* WHAT TO DO *
The output should match, line for line, the records from the line containing "Discount Rip Curl" through the line containing "Online Meeting: Diverse", with every picture left out.

* INPUT FOR THIS TASK *
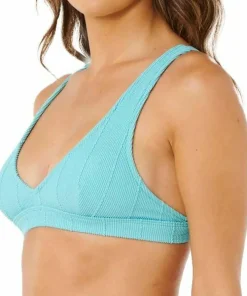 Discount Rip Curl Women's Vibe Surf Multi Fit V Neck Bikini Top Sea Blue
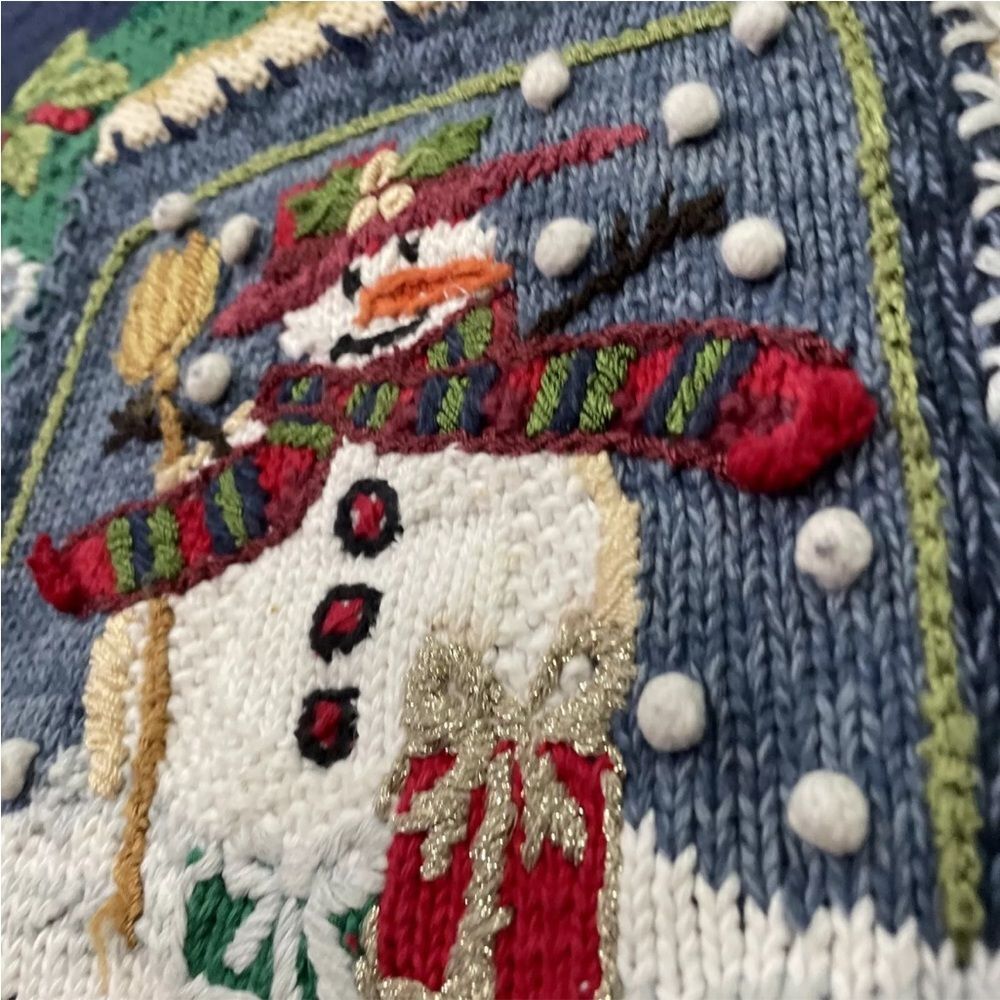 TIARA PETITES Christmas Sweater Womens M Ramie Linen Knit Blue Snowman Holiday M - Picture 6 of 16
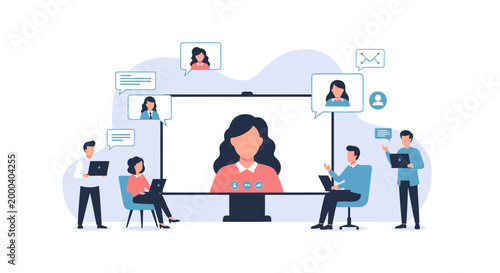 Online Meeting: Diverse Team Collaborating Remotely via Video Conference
* * *
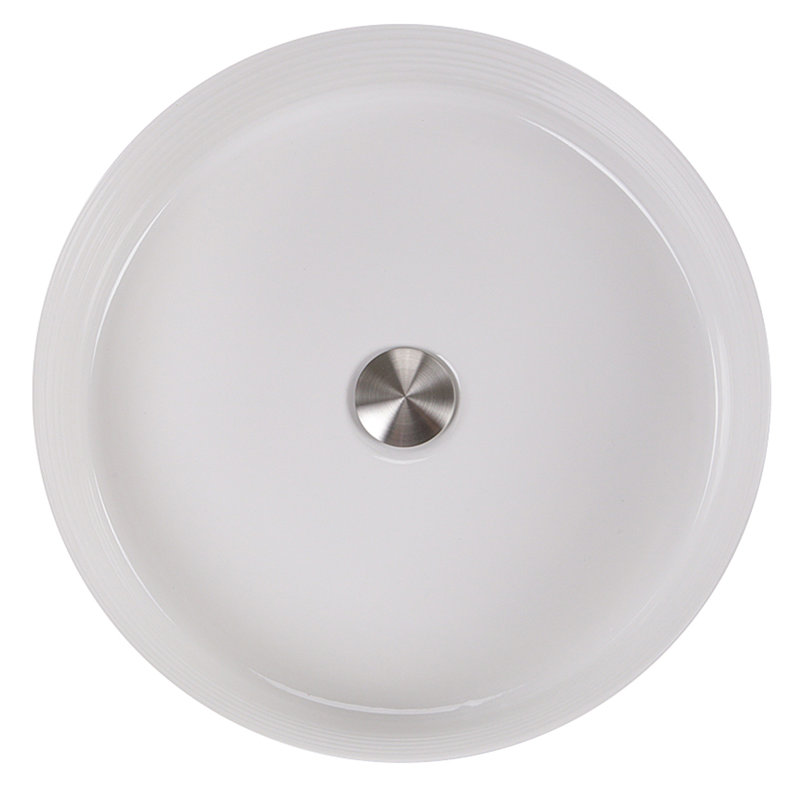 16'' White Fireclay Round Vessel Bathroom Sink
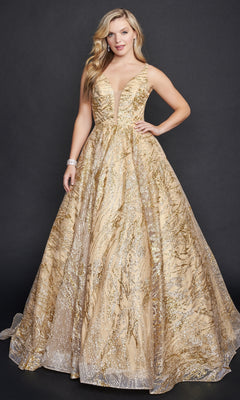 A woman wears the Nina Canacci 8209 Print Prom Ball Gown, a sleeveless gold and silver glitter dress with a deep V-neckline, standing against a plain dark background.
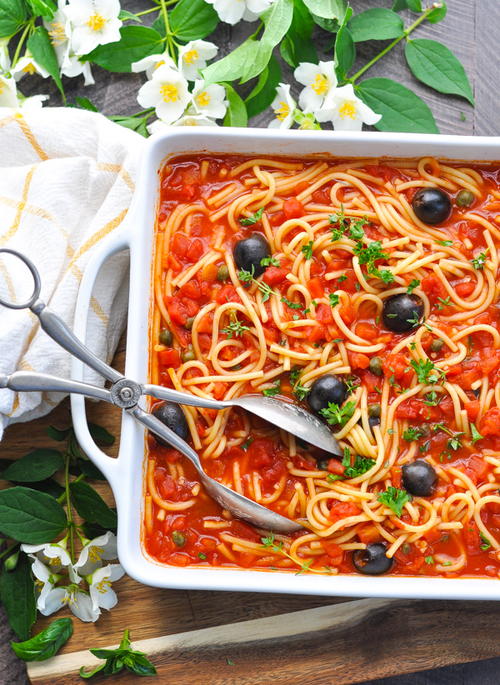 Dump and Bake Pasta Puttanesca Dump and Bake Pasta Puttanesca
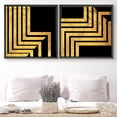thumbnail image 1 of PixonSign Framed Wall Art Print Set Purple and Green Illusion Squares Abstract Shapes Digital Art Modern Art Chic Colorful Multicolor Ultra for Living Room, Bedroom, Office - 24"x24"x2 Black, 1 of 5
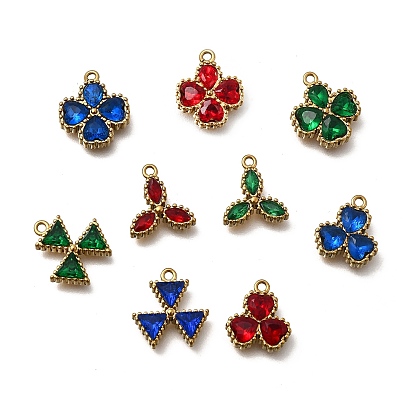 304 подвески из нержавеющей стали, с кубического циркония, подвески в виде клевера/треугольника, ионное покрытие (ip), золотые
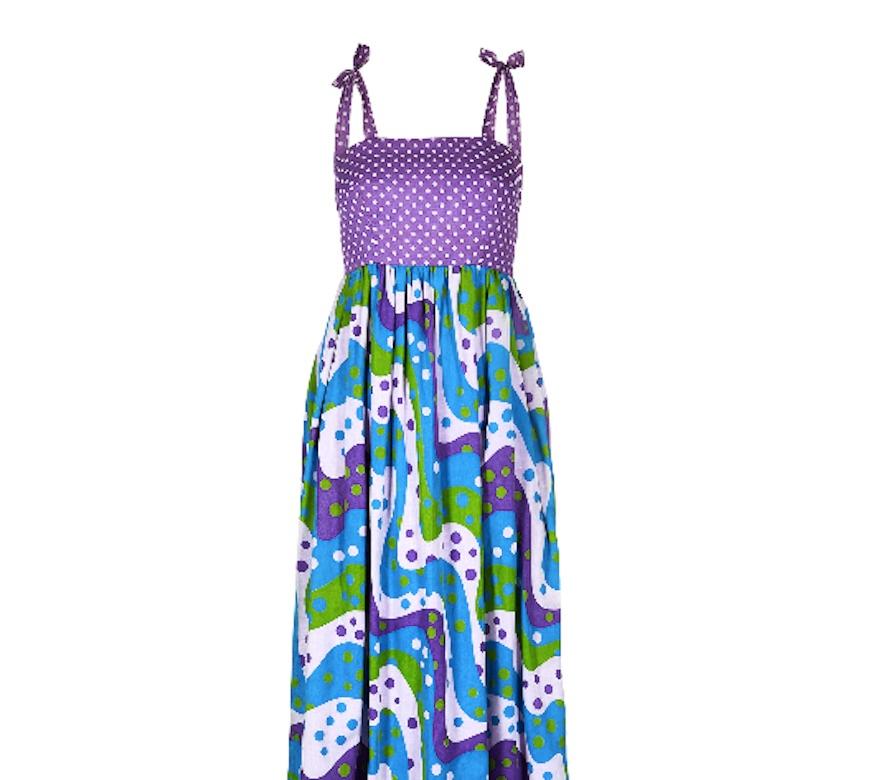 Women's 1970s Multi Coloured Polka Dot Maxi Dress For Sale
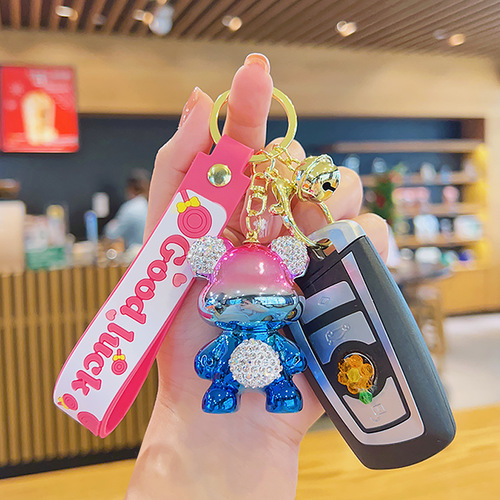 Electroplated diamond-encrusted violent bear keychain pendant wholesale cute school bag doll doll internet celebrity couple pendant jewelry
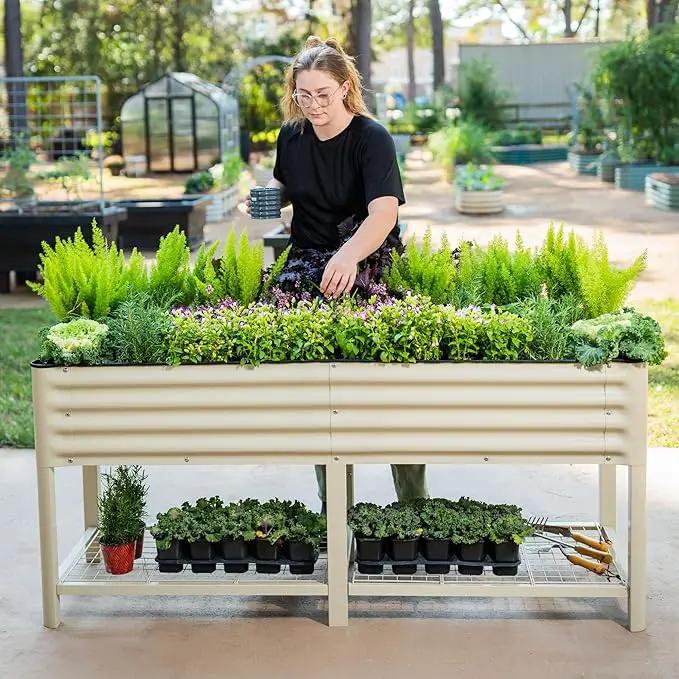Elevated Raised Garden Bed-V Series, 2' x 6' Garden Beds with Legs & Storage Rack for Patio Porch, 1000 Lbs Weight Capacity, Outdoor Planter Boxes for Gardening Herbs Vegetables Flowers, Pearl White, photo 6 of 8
==
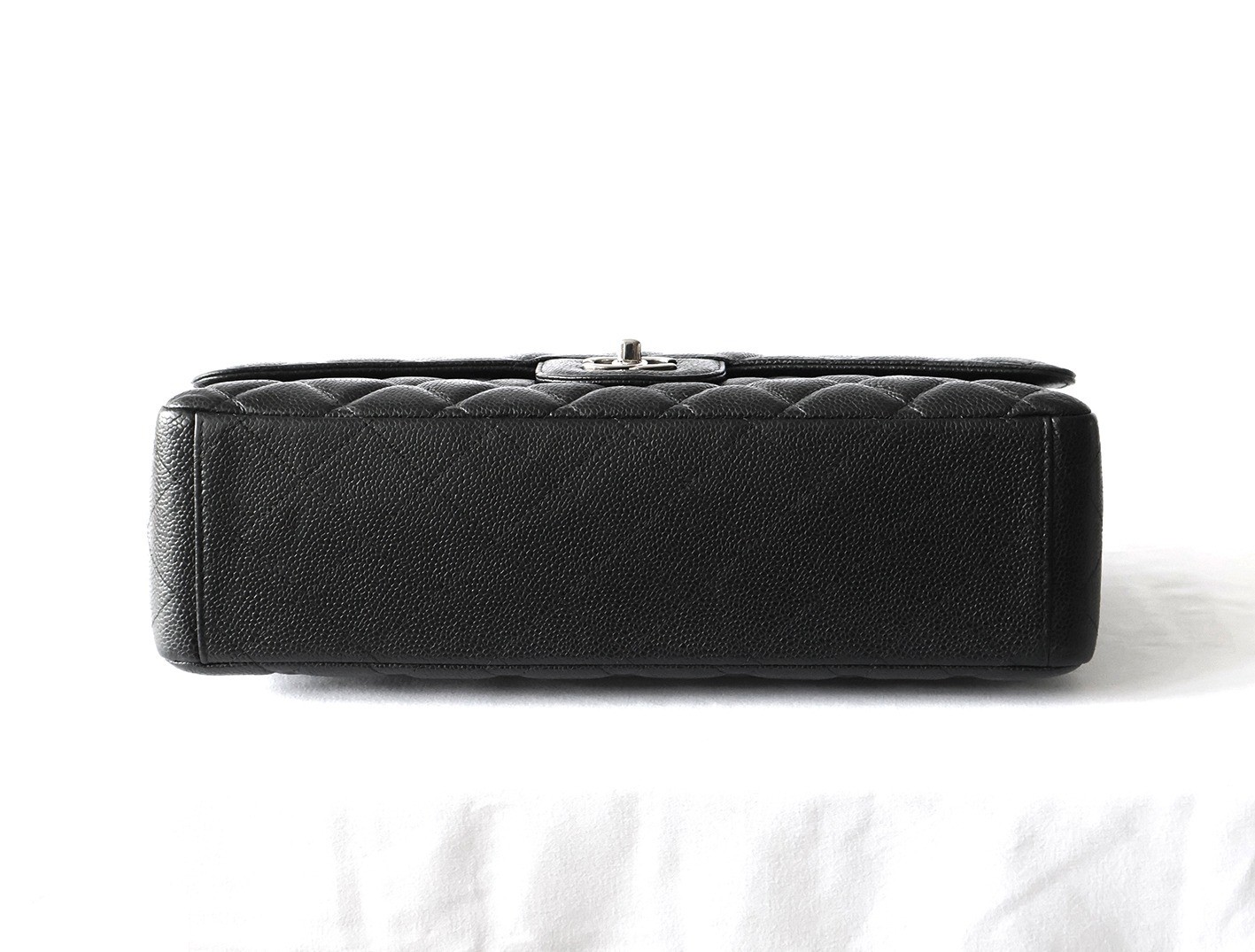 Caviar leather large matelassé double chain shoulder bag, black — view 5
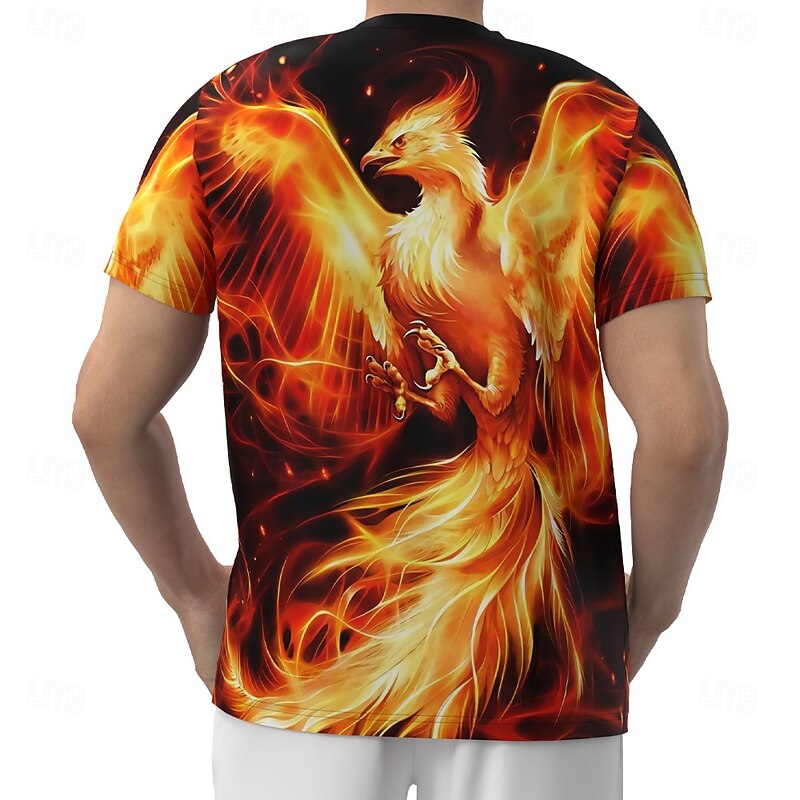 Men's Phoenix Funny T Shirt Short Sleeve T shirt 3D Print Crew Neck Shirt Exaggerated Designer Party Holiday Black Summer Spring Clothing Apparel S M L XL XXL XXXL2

* TASK RESULT *
 Discount Rip Curl Women's Vibe Surf Multi Fit V Neck Bikini Top Sea Blue
 TIARA PETITES Christmas Sweater Womens M Ramie Linen Knit Blue Snowman Holiday M - Picture 6 of 16
 Online Meeting: Diverse Team Collaborating Remotely via Video Conference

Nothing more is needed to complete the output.